O outono sempre foi minha estação favorita. O sol gentil pela manhã, e a brisa gelada à noite. Os dias passavam tranquilos, num período transitório entre o calor e o frio. Sair de casa com uma jaqueta fina por cima, sem precisar me preocupar com o tempo. Os dias se tornam mais curtos, e o pôr do sol mais bonito. Ver as folhas secarem e caírem, cansadas de segurar todo aquele peso. As árvores emagrecem, murcham, esperando o inverno chegar. O silêncio preenche o ambiente, dando espaço para escutar tudo aquilo que eu tentava abafar.
Ele ri da piada que ele mesmo contou. Eu o acompanho, ainda meio tímido. As palavras saem de sua boca em rajadas — barulhentas e incessantes — como se quisesse preencher o silêncio antes do frio chegar. Seu sorriso é solto, tranquilo, e sua voz é alta e sincera. Ele fala os maiores absurdos e espera a reação das pessoas em volta, antes de dar risada da reação de todos. Opina assuntos sérios com certeza em sua fala, mesmo sem ter base alguma. Talvez a sua música favorita seja o som da própria voz. Eu e ele somos opostos: ele é o excesso, e eu sou a espera. Somos como folhas levadas pelo vento, arrancadas de nossos galhos de origem e, por acaso ou destino, um dia caímos no mesmo lugar. E ali, nos tornamos amigos.
Não sei fazer amigos novos, pelo menos foi o que eu me convenci nos últimos seis anos. Sempre achei que as pessoas me evitassem. Percebi que eu fugia delas. Odeio ser visto, odeio que me percebam, odeio me sentir exposto. Até que a solidão passou de ser conforto para se tornar uma dor latente. Eu precisava fazer algo.

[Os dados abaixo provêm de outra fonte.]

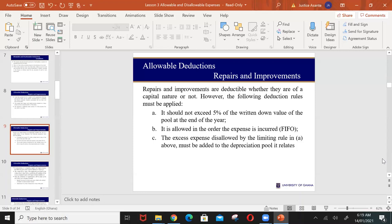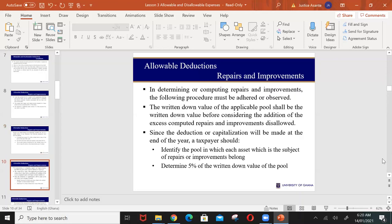There are general rules that apply when deducting repairs and improvements. First, the deduction should not exceed 5% of the written down value of the applicable pool at the end of the year. You must identify the pool within which the improved asset falls and determine its written down value. Second, deductions are granted in a first-in-first-out manner — earlier repairs are granted before subsequent ones. Any excess repairs beyond the 5% limit can be added to the depreciation basis of the asset.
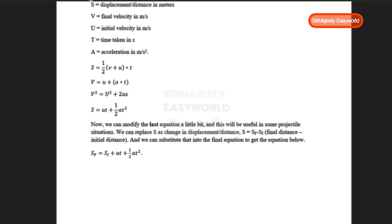We can modify the last equation a little bit, which will be useful in a specific projectile scenario later on. If we replace S with (Sf − Si) and rearrange to make Sf the subject, we get Sf = Si + UT + ½AT². It's still the same as the fourth equation — we've simply broken down S into final distance minus initial distance.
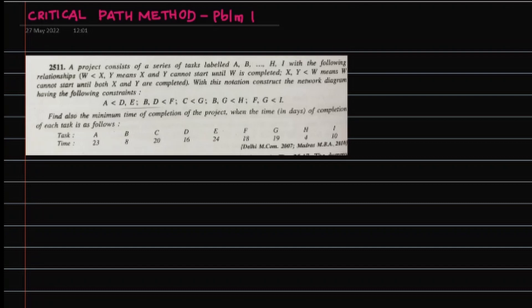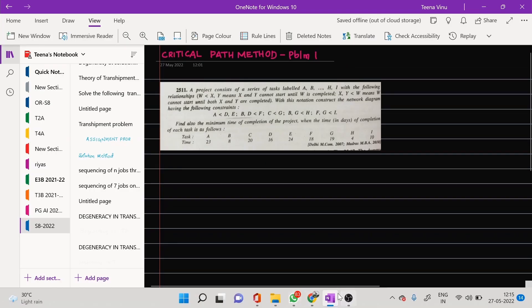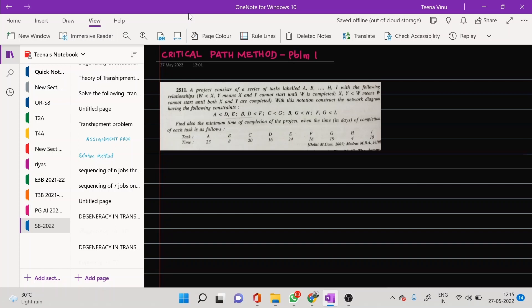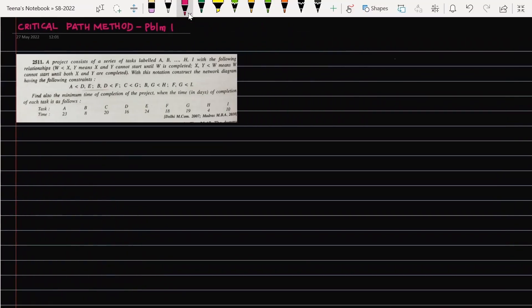Hello dears, let us study today a problem on Critical Path Method (CPM). CPM is one technique for project scheduling or network scheduling. There are two basic planning and control techniques: CPM (Critical Path Method) and PERT (Project Evaluation and Review Technique). In this problem we shall deal with CPM.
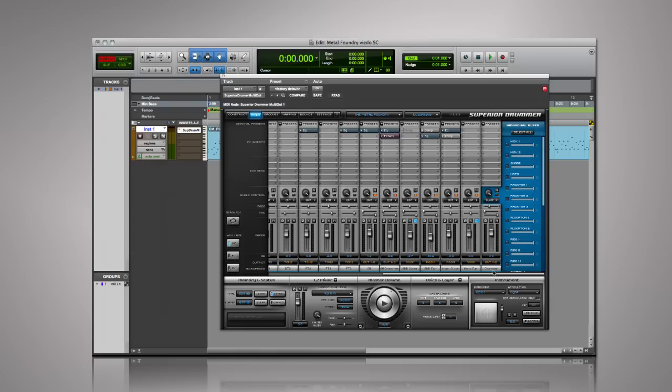For example, if you decide that you only want the snare drum to come through the reverb chamber channel, simply open the bleed edit controls and turn on the snare. Here is a quick example of the various Ambience channels that are included in the Metal Foundry SDX.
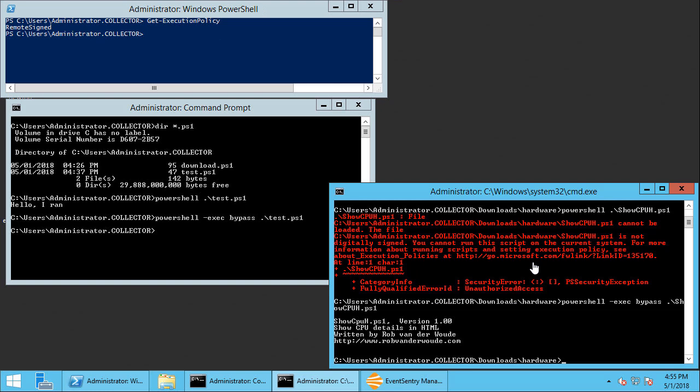So if the process is faster than that EventSentry will not be able to terminate it, but in most cases any sort of malicious process is likely going to take longer than that because they usually download malicious payload from the internet or they'll do other things on the system that will take some time.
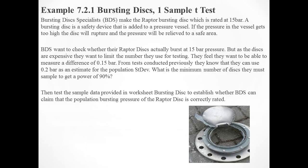Example 7.2.1, bursting discs, and this is the one sample t-test. Bursting Disc Specialists (BDS) make the Raptor bursting disc, which is rated at 15 bar. A bursting disc is a safety device that's added to a pressure vessel. If the pressure in the vessel gets too high, the disc will rupture and the pressure will be relieved to a safe area.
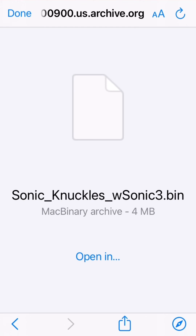I already downloaded it. Download it and add the file. Link in the description.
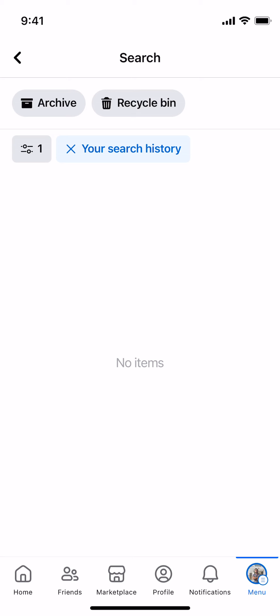You can see there are no items now. Hope by doing so you'll be able to delete search suggestions on Facebook on your phone. Before you go, please like, subscribe, and share — thank you.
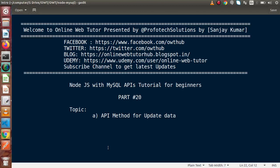Hello guys, welcome to GoOnline Web Tutor presented by ProofRections team. I am Sanjay. We are learning Node.js with MySQL APIs. This is our part number 20. Inside this video session, we are going to discuss about the API method for updating data.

Faziam duas semanas que eu não ia ao treino de esgrima. Eu sabia que meus movimentos estariam engessados. Mas fui. Eu precisava ir. Haviam poucas pessoas lá, já que era feriado. Normalmente eu fico na minha. Cumprimento com a cabeça, falo pouco, apenas o necessário. Dessa vez foi diferente. Descobri o hobby de um dos instrutores, ele também escreve ficção. Conversamos mais do que o esperado e ele me mandou rascunhos de suas histórias. Recebi dicas de um veterano de como aplicar um golpe que eu tinha dificuldade. Meus movimentos pareciam menos travados, e as engrenagens do meu cérebro pareciam se mexer com um rangido, mas com vontade. Eu levei uma pancada no braço, atingido pelo fio da espada de um homem muito maior que eu. Hoje eu olho para o roxo no meu braço e dou risada. Não só pela lembrança da luta, mas porque, pela primeira vez em muito tempo, eu me senti presente.
Não existe passado, nem futuro. Apenas o agora. O outono se foi, o inverno já começou. Tento me cobrir nesse frio e me encontrar no meio dessa névoa. Consegui encontrar pequenas fogueiras espalhadas no meio desse branco gelado. O abraço de amigos antigos, as piadas tortas de amigos novos, os conselhos pacientes de veteranos, a comida quente da minha vó, os filmes ruins que meu pai insiste em rever, a bronca da minha mãe quando esqueço de avisar que cheguei bem, as conversas despretensiosas com meu irmão, os reels aleatórios da minha cunhada, as lembranças que insistem em ficar…
Ela sorri para mim. Seus olhos vivos, sua voz aquecida. Eu digo algo, ela ri. Algo faz meu peito bater mais forte. Por que agora? Nunca há uma explicação, apenas acontece. Ela segura a minha mão. É quente. Talvez… mais uma fogueira acesa.
Um ciclo tão certo quanto as estações.
No começo do inverno, encontro calor. Sinto meu corpo descongelar.